About this task => Every picture should be left out, but the lines below must be repeated exactly.

Given data =>
▼

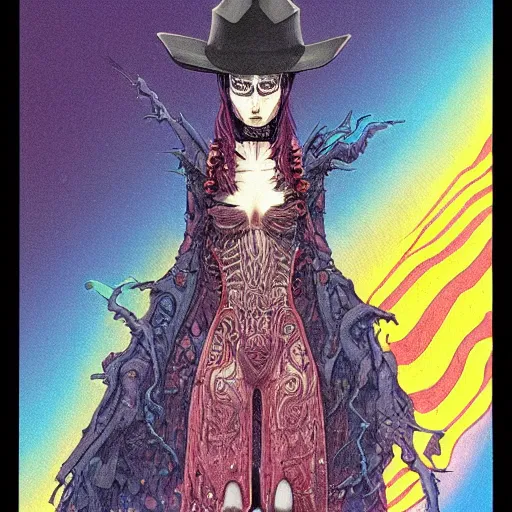 Image similar to original jean giraud digital art painting, pastel goth aesthetic, kawaii creepy, highly detailed, perfect proportions, highly intricate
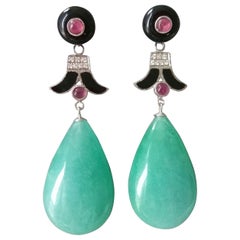 Art Deco Style Jade Ruby Gold Diamonds Black Enamel Black Onyx Drop Earrings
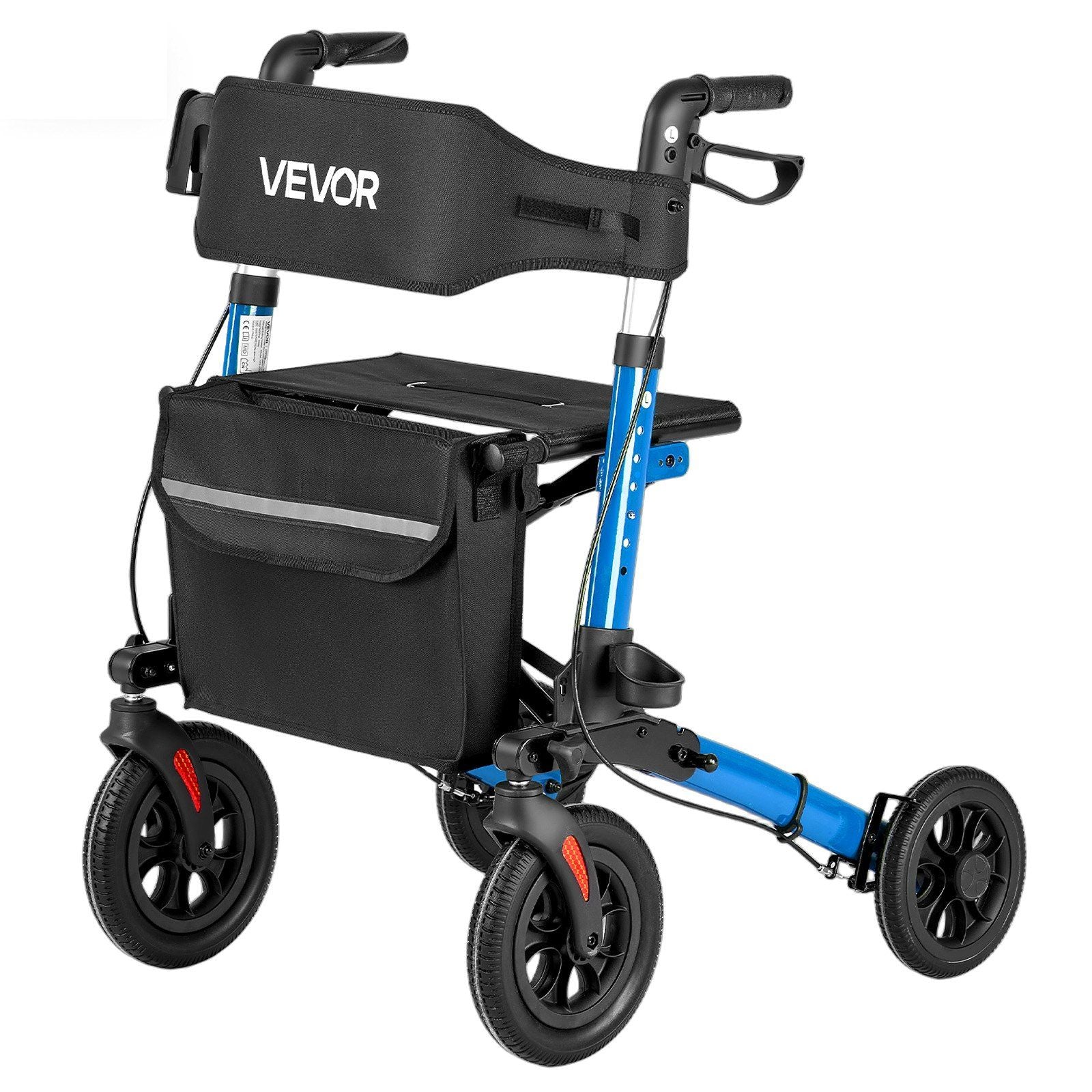 Rollator Walker with Seat for Seniors, Ultra Compact 3-Fold Rolling Walker, Lightweight Aluminum Mobility Walking Aid with PU Solid Wheels, Adjustable Handle, Cup & Cane Holder - Supports 136kg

▲

Task answer =>
 Image similar to original jean giraud digital art painting, pastel goth aesthetic, kawaii creepy, highly detailed, perfect proportions, highly intricate
 Art Deco Style Jade Ruby Gold Diamonds Black Enamel Black Onyx Drop Earrings
 Rollator Walker with Seat for Seniors, Ultra Compact 3-Fold Rolling Walker, Lightweight Aluminum Mobility Walking Aid with PU Solid Wheels, Adjustable Handle, Cup & Cane Holder - Supports 136kg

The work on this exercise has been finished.